O impacto limitado, segundo ele, deve-se à adoção de salvaguardas, mecanismo que pode anular o efeito das cotas caso haja aumento relevante do comércio.
“Na área da agricultura, é um desastre”, afirmou ao Valor, ao destacar que a carne bovina importada representa apenas uma parcela pequena do mercado europeu, majoritariamente abastecido pela produção interna do bloco.
“Na pauta agrícola, o ganho (com o acordo) é ínfimo”, analisa Jank. A grande vantagem do acordo, segundo ele, é que o fato de estar integrado com a Europa fortalece a posição do Brasil no mundo.

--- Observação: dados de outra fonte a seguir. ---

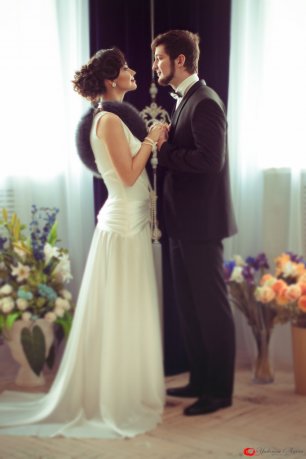 Свадебная фотосессия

“É melhor do que não ter nenhum ‘amigo’. Pelo menos nós temos agora um ‘amigo’ grande, que para alguns setores daqui não é grande coisa, mas que pode nos ajudar nesse mundo agora, que é um mundo tão fragmentado”, resumiu.
Sobre os setores do agro que mais têm a ganhar, o especialista afirma que, em um acordo entre dois blocos econômicos, “os dois lados ganham”.
“Agora, se você for olhar em termos de setores no comércio de bens, eu acho que a gente vai ganhar, principalmente, naquilo que a gente já exporta hoje, que são produtos mais ‘comoditizados’ da agricultura, da mineração, petróleo, etc”, observa.
Na avaliação de Jank, a pauta Mercosul-Europa poderia ser muito maior do que é hoje, e isso vai acontecer à medida que o acordo for sendo implementado, o que deve levar alguns anos.